Look in the material below for the line with "Alright, what's up" and the line with "Hello and welcome to", then set down exactly those two lines and all lines between, nothing more.

DATA TO USE:
##############################
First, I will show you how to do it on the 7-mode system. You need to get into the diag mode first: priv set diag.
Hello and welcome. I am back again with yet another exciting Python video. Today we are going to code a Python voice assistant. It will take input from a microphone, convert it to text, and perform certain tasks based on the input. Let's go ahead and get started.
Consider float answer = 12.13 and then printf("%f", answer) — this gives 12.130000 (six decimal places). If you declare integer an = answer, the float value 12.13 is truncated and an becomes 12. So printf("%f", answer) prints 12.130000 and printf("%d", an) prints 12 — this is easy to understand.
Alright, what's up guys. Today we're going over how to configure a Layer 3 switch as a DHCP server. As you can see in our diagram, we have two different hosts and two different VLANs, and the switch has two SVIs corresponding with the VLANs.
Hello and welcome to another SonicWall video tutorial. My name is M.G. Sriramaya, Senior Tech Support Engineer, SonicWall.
##############################
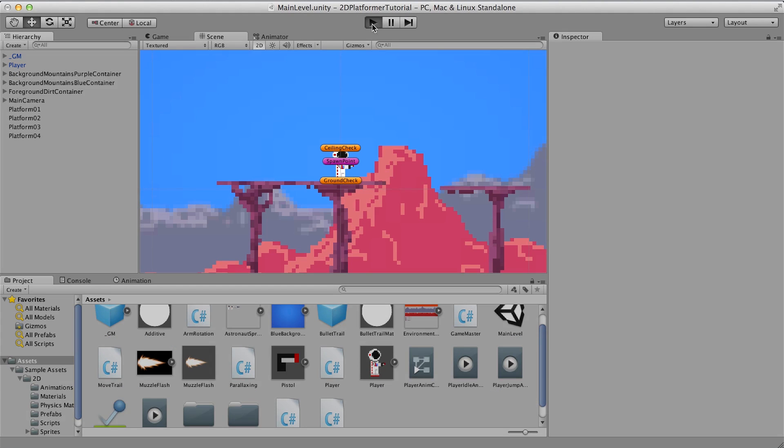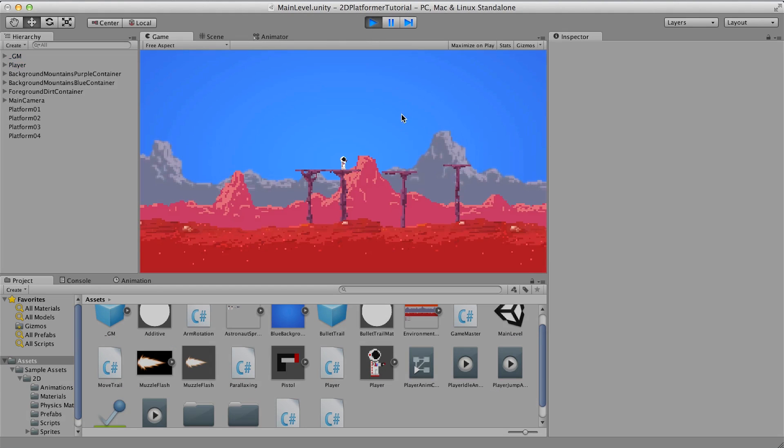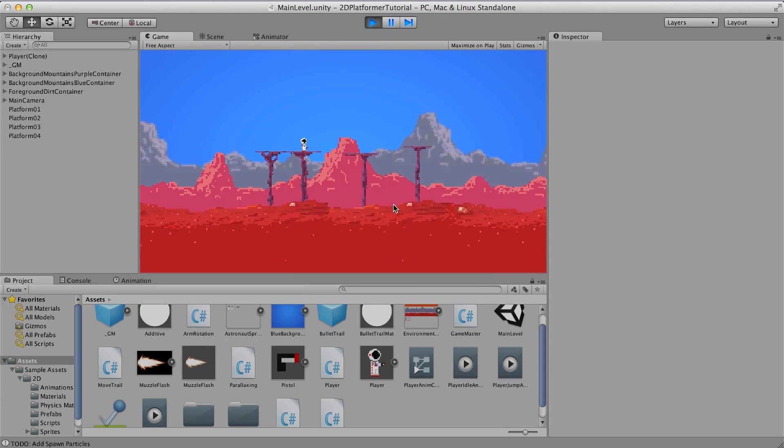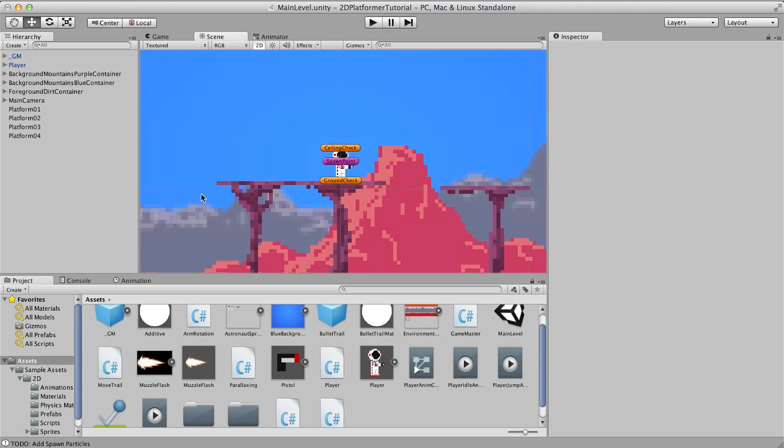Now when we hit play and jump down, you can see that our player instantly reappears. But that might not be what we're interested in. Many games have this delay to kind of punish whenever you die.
##############################
ANSWER AREA:
Alright, what's up guys. Today we're going over how to configure a Layer 3 switch as a DHCP server. As you can see in our diagram, we have two different hosts and two different VLANs, and the switch has two SVIs corresponding with the VLANs.
Hello and welcome to another SonicWall video tutorial. My name is M.G. Sriramaya, Senior Tech Support Engineer, SonicWall.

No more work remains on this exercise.